Shares of online education company 2U took a significant hit, dropping 35% to $1.54, following the release of their third-quarter earnings report. The company reported a wider-than-expected loss, which led to a decline in investor confidence.
The third-quarter loss amounted to $47.4 million, or 58 cents per share. This compares to a loss of $121.7 million, or $1.57 per share, during the same period last year. Analysts polled by FactSet had anticipated a loss of $31.6 million, or 39 cents per share. Adjusted losses were recorded at 15 cents per share, slightly higher than the expected loss of 13 cents per share.
Although revenue for the quarter came in at $229.7 million, slightly lower than last year’s $232.2 million, it was still higher than the projected $224 million.
Looking ahead to 2023, 2U expects revenue to range from $965 million to $990 million.
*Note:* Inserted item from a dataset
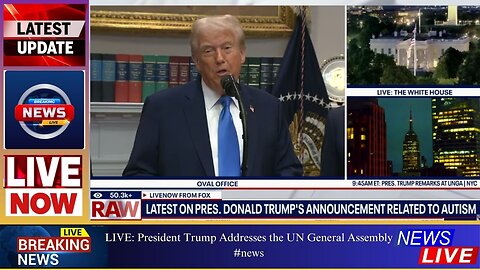 LIVE: President Trump Addresses the UN General Assembly #news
Analysts are slightly more optimistic, forecasting revenue of $977.8 million. However, the company is also anticipating a loss between $250 million and $240 million, while analysts are predicting a loss of $237 million.
As a result of the disappointing Q3 results, brokerage firms Needham and Morgan Stanley have adjusted their price targets for 2U shares. Needham lowered their target from $9 to $3 per share while maintaining a buy rating. Morgan Stanley also reduced their price target from $3 to $2 per share while maintaining an Equal-weight rating.
This unexpected drop in 2U shares highlights the challenges faced by the company in the online education sector. Investors will be closely watching as the company strives to regain stability and improve financial performance in the coming months.